Indeed, Greene has worn many hats over the years, from moonlighting in bands like the Crowes and Phil Lesh & Friends to a stint in the supergroup Trigger Hippy. After releasing his acclaimed 2002 debut record Gone Wanderin’, he was hailed as an acoustic laureate at the tender age of 21, eliciting comparisons to Bob Dylan. Later, while bolstering his prolific solo career, he opened for legendary guitarists like Buddy Guy and B.B. King, and also toured with Bob Weir’s RatDog. All of these different roles (in tandem with his keen songwriting abilities and California-country vibe) have granted Greene the ability to cross genre lines and connect with fans from all walks of life. Eight studio records and countless tours later, he landed in Brooklyn in 2015 faced with yet another challenge. Used to California’s wide-open spaces, the singer had to adjust to the noisy confines of New York City.

“I have a love-hate relationship with New York, as I think all New Yorkers do,” Greene admits a few weeks after his Cutting Room show. Melding together country sounds with urban laments—as only a Californian-turned-New Yorker could—his new EP The Modern Lives Vol. 1 wastes no time equating Times Square with a graveyard, and billboards with headstones, on opening track “Modern Lives.”

“The Modern Lives project is basically my documentation of my New York years,” Greene says, adding that volume two is already in the works.
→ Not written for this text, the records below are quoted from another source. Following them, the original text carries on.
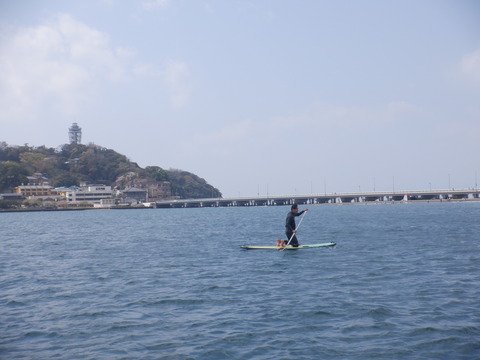 DSCF0562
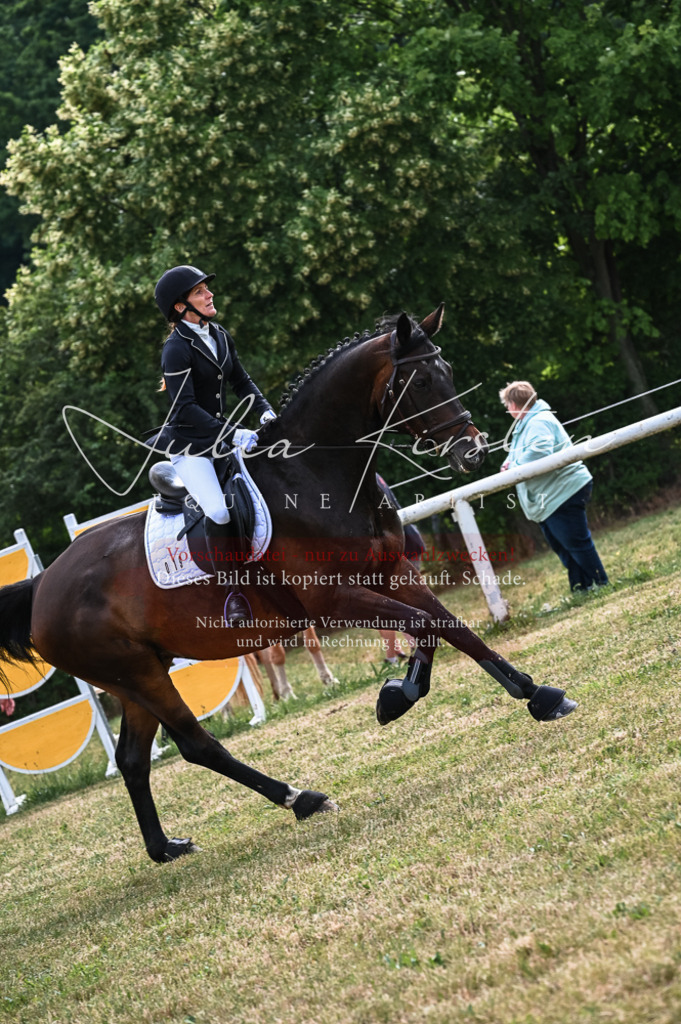 DSC_8313 | Pferde- und Turnierfotografie in Westsachsen. Pferdeportraits, Auftragszeichnungen und intuitive Kunst.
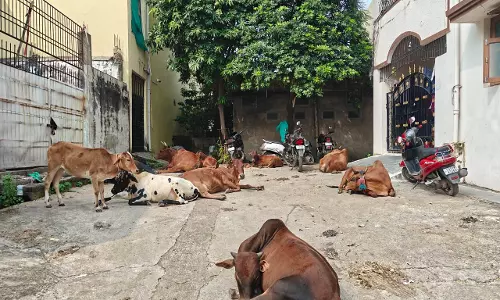 गोबर और मूत्र से सनी रहती है शहर की ये गली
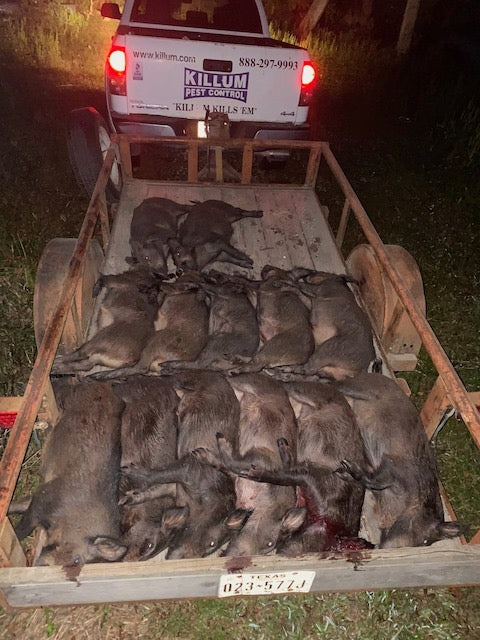 Wild hogs euthanized after being caught in Pig Brig trap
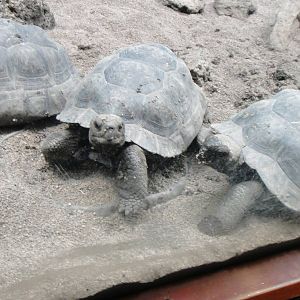 Volcan darwin tortoise at Bronx zoo 2014-12-29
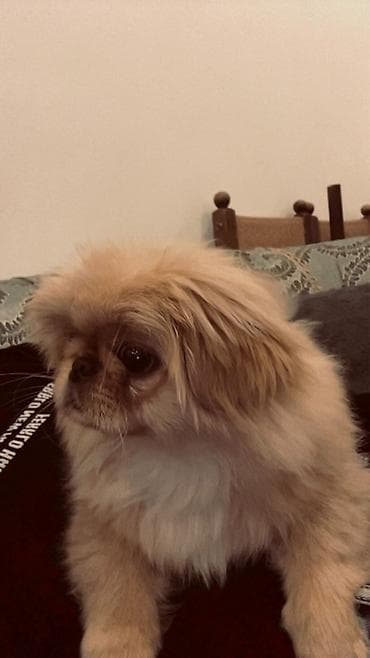 Pekines, 5 ay, Erkek, Ödənişli çatdırılma lalafo.az -da Pekines, 5 ay, Erkek, Ödənişli çatdırılma
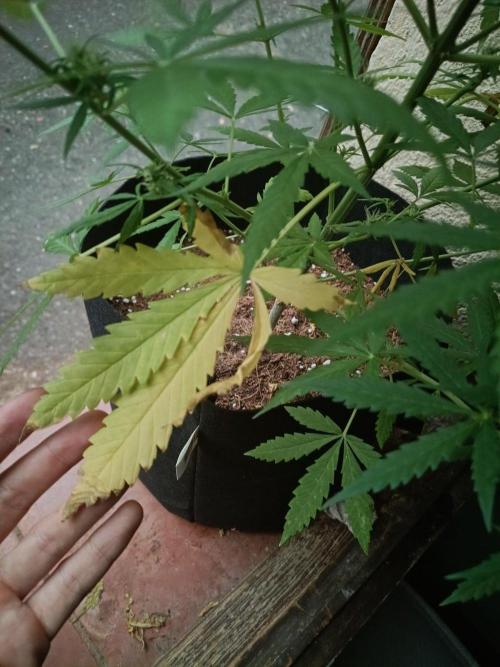 Honey Peach Sweet Seeds 1st outdoor. Week 8 - A bit yellow 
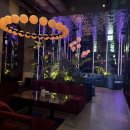 부엉이노래연습장 이미지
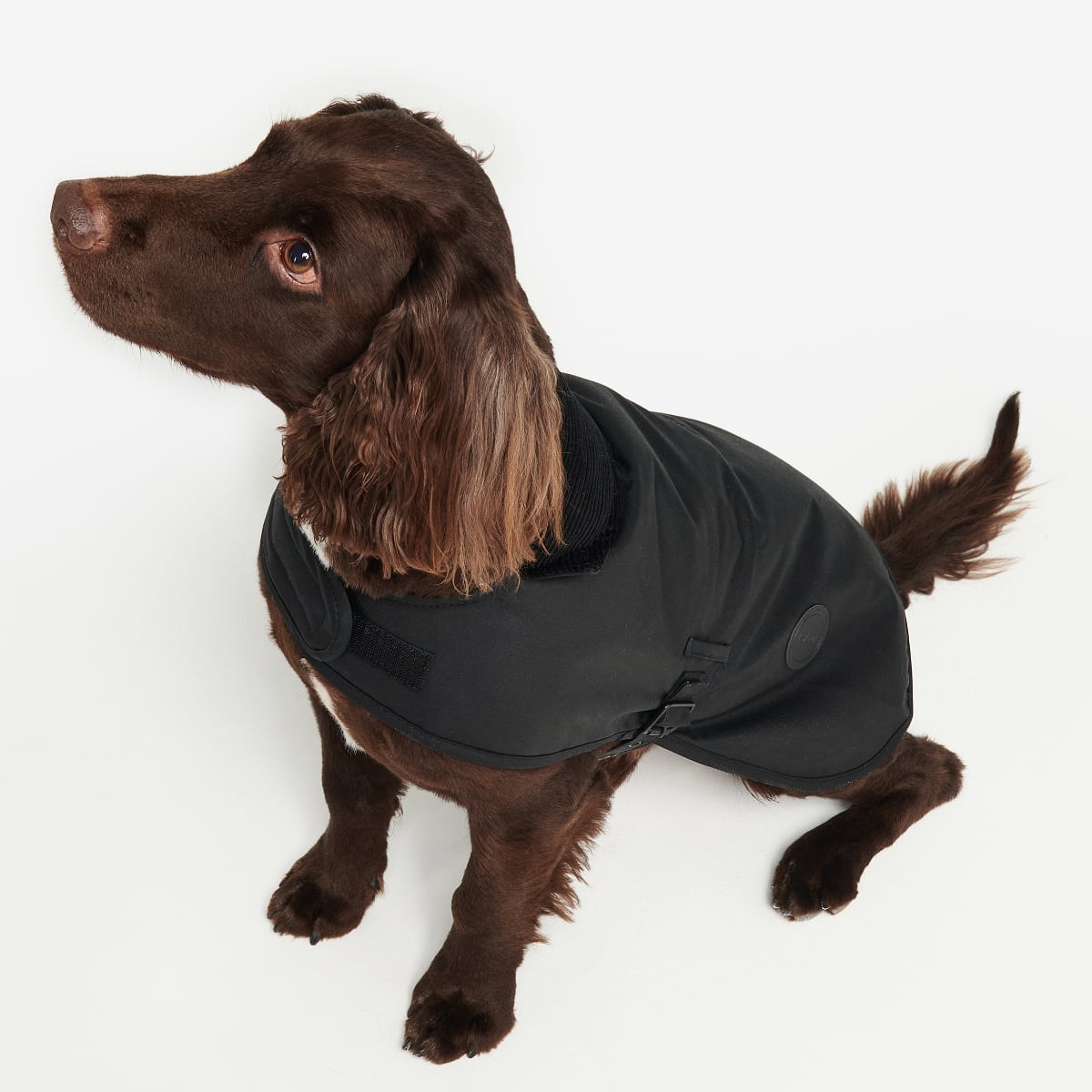 Barbour Wax Dog Coat | Black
Recorded and produced last winter through spring, The Modern Lives Vol. 1 was a kind of independent study for Greene. Its liner notes are singular, just the singer and whatever equipment he managed to haul from the West Coast. “I wanted to make something that felt, quite frankly, homemade.” he says. “I did everything myself in my basement in Brooklyn. I played all the instruments myself.”

And while it was a rewarding experience, Greene acknowledges that taking on all of that responsibility was a leap of faith. “It’s a little bit scary to go into a project knowing you have to do everything yourself,” he says. “But it’s kind of like the pride you get when you build something in woodshop class.”

Despite his previous experiences with home studios, his Brooklyn setup was particularly primitive—The Modern Lives Vol. 1 was birthed next to a washer-dryer and storage space. “Professional is not a word I would use to describe it at all,” he chuckles. In an extreme “exercise in patience,” Greene spent his days writing and recording, hoping that the incessant clamor of New York City wouldn’t pour through the subterranean room’s small, street-facing window. “You could be doing a take and, in the last 10 seconds, someone’s car alarm goes off outside. It’s not ideal,” he recalls.